→ **Exercise requirements**:
The answer must consist solely of the lines from the start of the records through the line containing "50 Universal Flat", restated word for word, with no pictures.

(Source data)
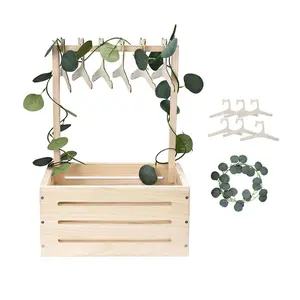 Wooden Baby Shower Crate Closet, Newborn Gift Basket with Handle and Hanger Garland, Gender Reveal Storage Box, Personalized Baby Gift for Pregnant New Parents NO.LPL Wood-S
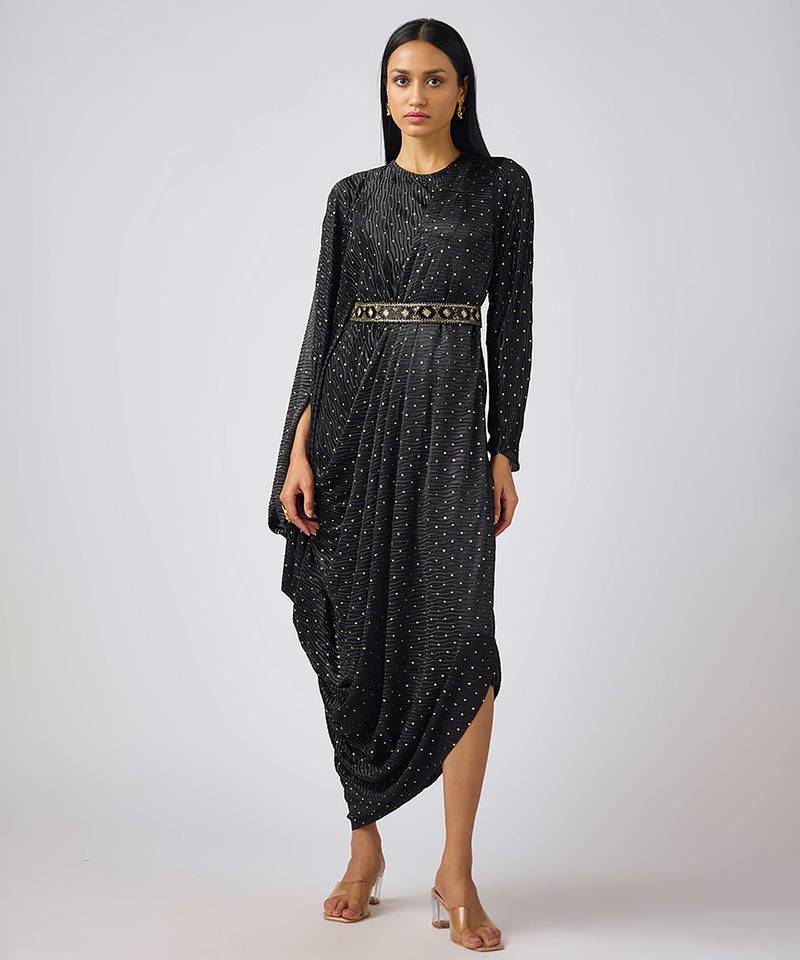 Black embroidered georgette dress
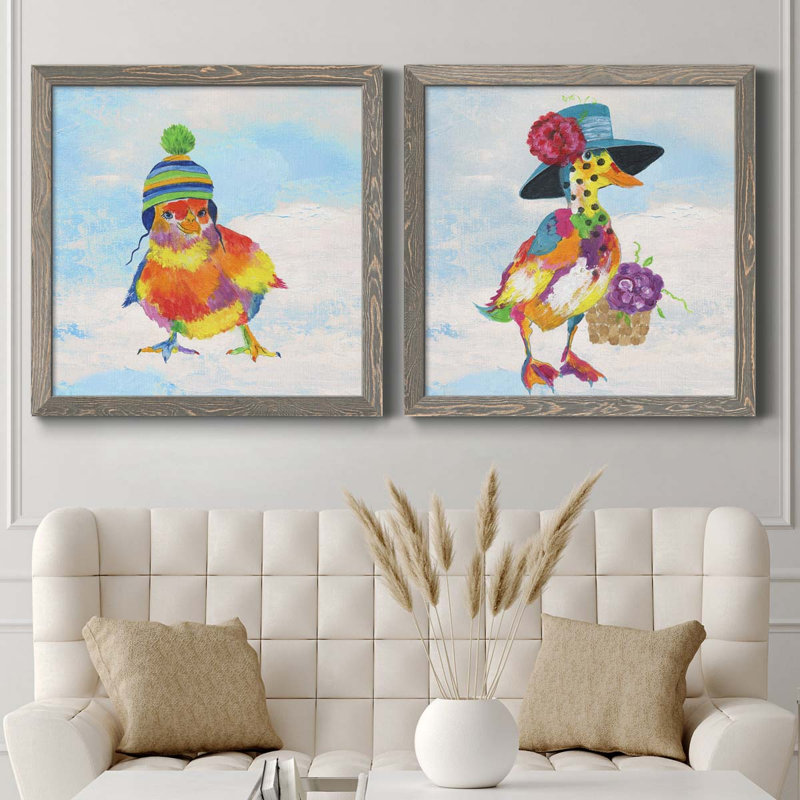 «Groovy Chick and Sky», ensemble de 2 peintures sur toile encadrées, H 31,5 po x l 63 po x P 1,5 po, Encadré gris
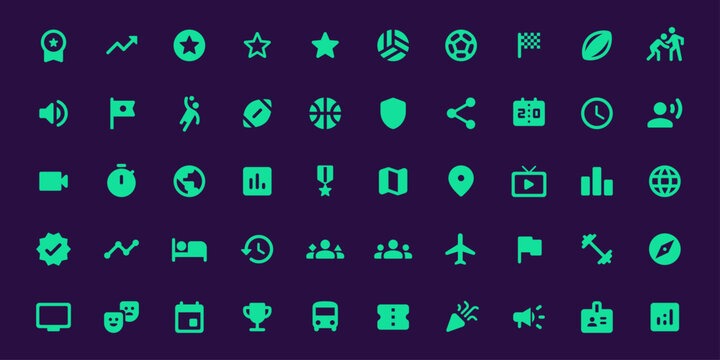 50 Universal Flat Green Icons Set for App Web and Dashboard Interface Design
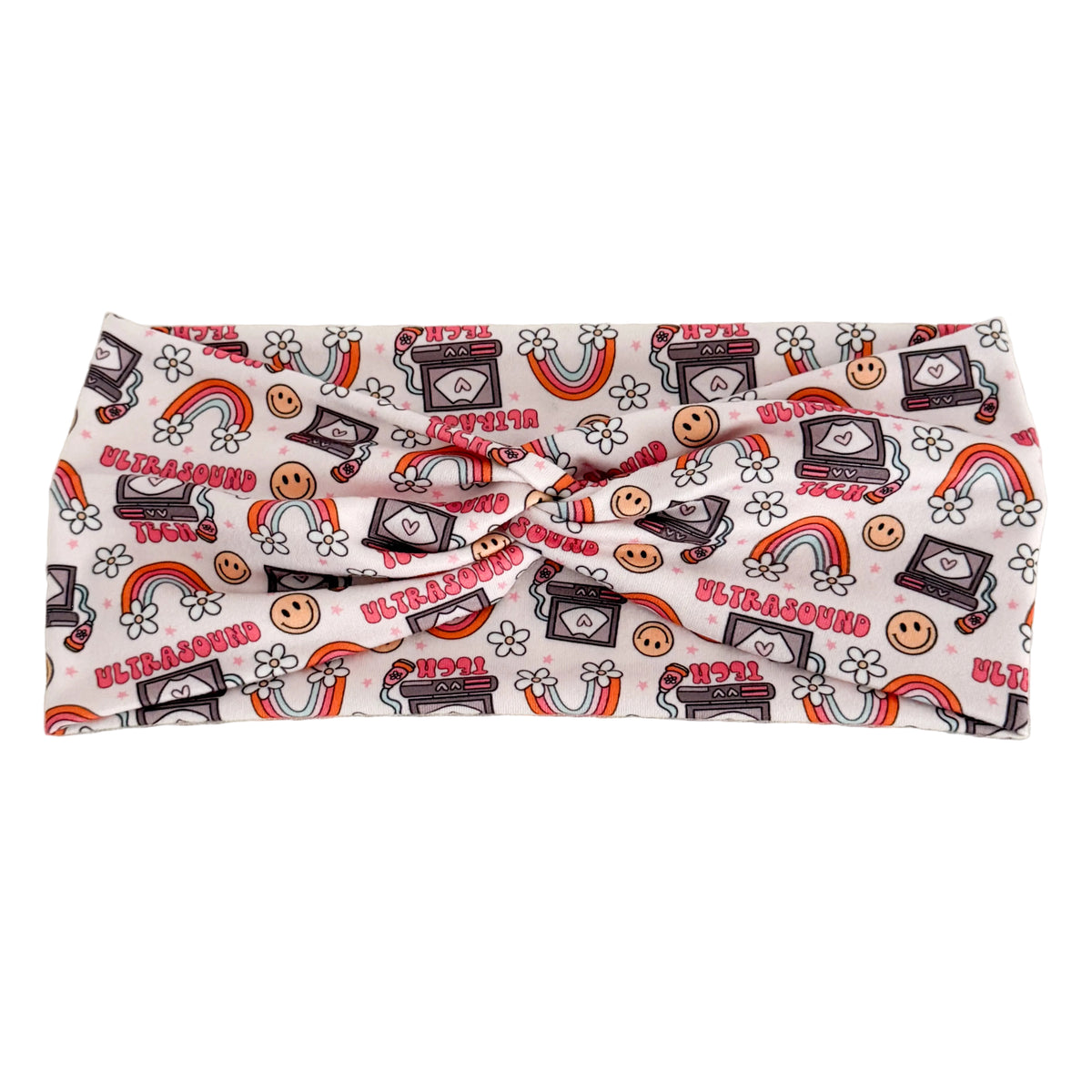 Ultrasound tech print twist headband for sonographers and ultrasound techs – handmade by Headband Studio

→ **Result of this task**:
 Wooden Baby Shower Crate Closet, Newborn Gift Basket with Handle and Hanger Garland, Gender Reveal Storage Box, Personalized Baby Gift for Pregnant New Parents NO.LPL Wood-S
 Black embroidered georgette dress
 «Groovy Chick and Sky», ensemble de 2 peintures sur toile encadrées, H 31,5 po x l 63 po x P 1,5 po, Encadré gris
 50 Universal Flat Green Icons Set for App Web and Dashboard Interface Design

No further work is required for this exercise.